Mami had temporary amnesia as well, except: where she was eight years old, I was twenty-three. Where she fell down an empty well, I crashed my bicycle into an opening car door. Where she nearly bled to death in Ocaña, Colombia, in darkness, thirty feet below the earth, I got to my feet seemingly unharmed and wandered around Chicago on a sunny winter afternoon. Where she didn t know who she was for eight months, I couldn t remember who I was for eight weeks.
They say the amnesias were a door to gifts we were supposed to have, which Mami s father, Nono, neglected to pass.
Nono was a curandero. His gifts were instructions for talking to the dead, telling the future, healing the ill, and moving the clouds. We were a brown people, mestizo. European men had arrived on the continent and violated Indigenous women, and that was our origin: neither Native or Spanish, but a wound.
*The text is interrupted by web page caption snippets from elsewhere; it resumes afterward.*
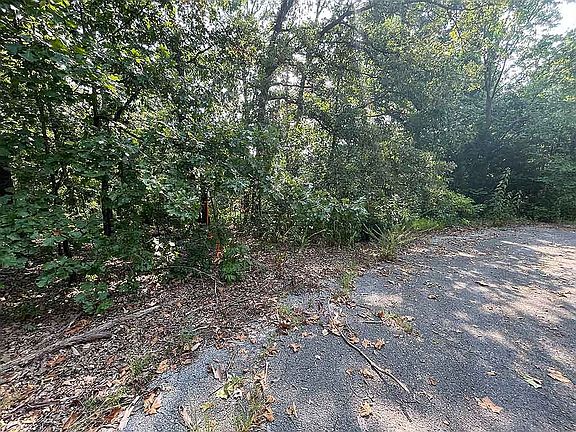 2nd image of Eriboll Ln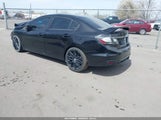 HONDA CIVIC SI 2HGFB6E58FH704092 снимка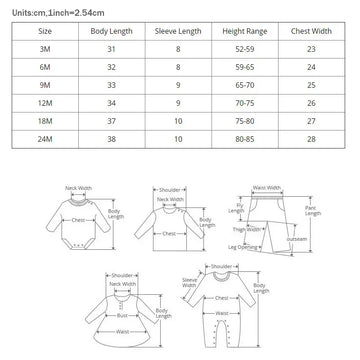 [5 Pcs/Lot Random Color] Baby T-Shirt 100%Cotton Cartoon Print Baby Girl Tops Summer Short Sleeve Toddler Boys Tshirt Clothes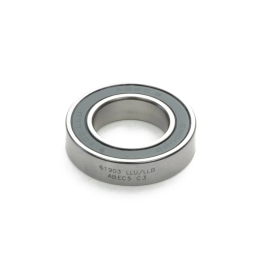 Bearing Enduro Bearings 61903 SRS ABEC 5
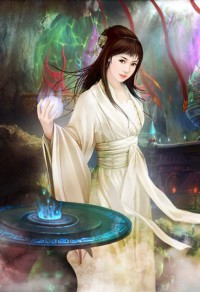 死神+网王之昼雪流年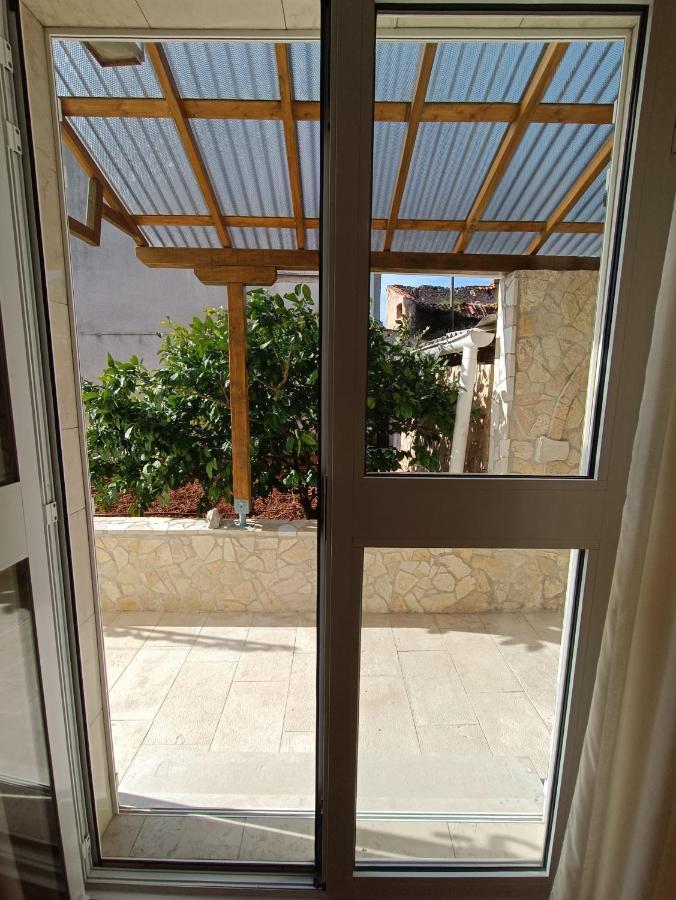קרס Rooms Rita מראה חיצוני תמונה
We called the gifts secrets. In the mountains of Santander, the fathers had passed the secrets to the sons, who passed the secrets to the sons, who passed the secrets to the sons. But none of his sons, Nono said, had the testículos required to be a real curandero. Only Mami, strong-willed, unafraid, more of a man than most men in his eyes, whom he liked to call mi animal de monte, could have housed the gifts. But Mami was a woman, and such things were forbidden. If a woman came to possess the secrets, it was said that misfortune would soon follow.
Yet, as eight-year-old Mami recovered from her injuries after falling down the well, and as her memories returned, it so happened that, from wherever her mind had gone, she brought back the ability to see ghosts and hear disembodied voices.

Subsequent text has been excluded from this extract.